Using ReadTheDocs


For Tripal’s own ReadTheDocs guidelines: Contributing to the Documentation.

What is ReadTheDocs?

Documentation is important. It tells users how to use our product, and developers how to read our code. We recommend hosting documentation for your custom module somewhere easily accessible, like ReadTheDocs.

ReadTheDocs (RTD) uses the Sphinx framework to build a website in a Continuous Integration setup. Your RTD-compatible documentation is added directly to your module and when code changes are pushed to GitHub, the documentation website as defined by sphinx is built, and the “live” documentation website is updated.

Benefits to housing documentation inside of your module code are:

  • Code changes can include documentation updates in the same pull request.
  • Changes to the documentation is subject to review, just like code changes.
  • Documentation changes are under version control.

How do I add ReadTheDocs to my project?

Below is a quick overview of steps for integrating your module’s documentation with RTD:

  • Set up your ReadTheDocs account and import your project.
  • Install Sphinx.
  • Create a docs folder at the root of your project and navigate into it.
  • Run the quickstart command: sphinx-quickstart. - This creates necessary site configuration files ( as well as the make script to build your site.
  • Write your documentation (we’re using reStructuredText (RST) format): - Create an index.rst as the home page. - Link other RST documents in your index.rst.
  • Once the guide is on your master branch on GitHub, ReadTheDocs will handle the rest!

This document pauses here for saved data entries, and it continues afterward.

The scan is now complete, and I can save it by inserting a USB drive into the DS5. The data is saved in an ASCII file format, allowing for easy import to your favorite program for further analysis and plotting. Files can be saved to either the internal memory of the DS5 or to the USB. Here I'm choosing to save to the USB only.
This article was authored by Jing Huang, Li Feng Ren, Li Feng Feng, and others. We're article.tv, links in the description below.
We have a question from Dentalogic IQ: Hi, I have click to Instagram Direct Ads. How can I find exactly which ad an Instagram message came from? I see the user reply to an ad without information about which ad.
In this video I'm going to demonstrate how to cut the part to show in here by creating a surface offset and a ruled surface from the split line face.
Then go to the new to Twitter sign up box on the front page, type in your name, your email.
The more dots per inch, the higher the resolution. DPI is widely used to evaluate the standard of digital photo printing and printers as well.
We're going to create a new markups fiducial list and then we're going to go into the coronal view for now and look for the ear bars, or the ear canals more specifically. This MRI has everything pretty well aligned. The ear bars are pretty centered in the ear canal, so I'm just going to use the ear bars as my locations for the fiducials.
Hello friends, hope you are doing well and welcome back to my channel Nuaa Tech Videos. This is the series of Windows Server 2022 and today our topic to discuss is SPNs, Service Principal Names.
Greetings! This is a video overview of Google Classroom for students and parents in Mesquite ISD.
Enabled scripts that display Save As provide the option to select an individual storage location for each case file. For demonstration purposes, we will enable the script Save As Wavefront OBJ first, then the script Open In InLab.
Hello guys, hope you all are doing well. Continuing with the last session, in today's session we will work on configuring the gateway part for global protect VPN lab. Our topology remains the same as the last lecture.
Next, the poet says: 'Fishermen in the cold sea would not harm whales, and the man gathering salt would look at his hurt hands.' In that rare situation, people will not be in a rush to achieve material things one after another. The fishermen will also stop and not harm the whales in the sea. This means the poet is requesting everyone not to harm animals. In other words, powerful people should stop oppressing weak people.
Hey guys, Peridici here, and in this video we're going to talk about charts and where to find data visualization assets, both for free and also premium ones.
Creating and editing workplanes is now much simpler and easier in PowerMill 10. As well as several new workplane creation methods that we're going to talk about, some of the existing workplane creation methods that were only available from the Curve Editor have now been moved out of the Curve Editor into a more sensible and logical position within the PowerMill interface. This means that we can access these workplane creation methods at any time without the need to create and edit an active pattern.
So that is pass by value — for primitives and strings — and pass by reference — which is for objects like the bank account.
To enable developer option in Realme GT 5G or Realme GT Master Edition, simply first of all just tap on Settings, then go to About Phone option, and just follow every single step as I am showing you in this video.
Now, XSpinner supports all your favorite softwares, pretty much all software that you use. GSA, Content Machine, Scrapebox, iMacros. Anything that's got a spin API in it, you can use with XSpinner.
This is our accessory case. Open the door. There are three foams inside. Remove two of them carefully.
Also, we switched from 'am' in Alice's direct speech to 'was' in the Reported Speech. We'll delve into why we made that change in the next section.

For a detailed walkthrough, please see the official ReadTheDocs getting started guide.

For RTD integration we recommend using reStructuredText (RST) to write your documentation. It might seem a little more complicated than markdown (and it is), but it’s also more powerful. The choice is yours for which format to use.

ReadTheDocs also provides versioning tools, allowing you to post releases of the documentation so users can go back and find older documentation with almost no effort on your part.

What should my documentation include?

We suggest that your module include the following sections:

  • Overview
  • Installation and Setup Guide
  • User’s Manual

The Overview section should describe what features your module offers.

The Installation and setup section should guide a site administrator through installing and setting up your module. Any site-wide settings that need to be configured, environmental variables set, or anything else not handled by the automated Drupal install should be covered.

The User’s guide should walk through the day-to-day usage of your module. This may include using custom importers, dashboards, or simply summaries of the new content this module provides.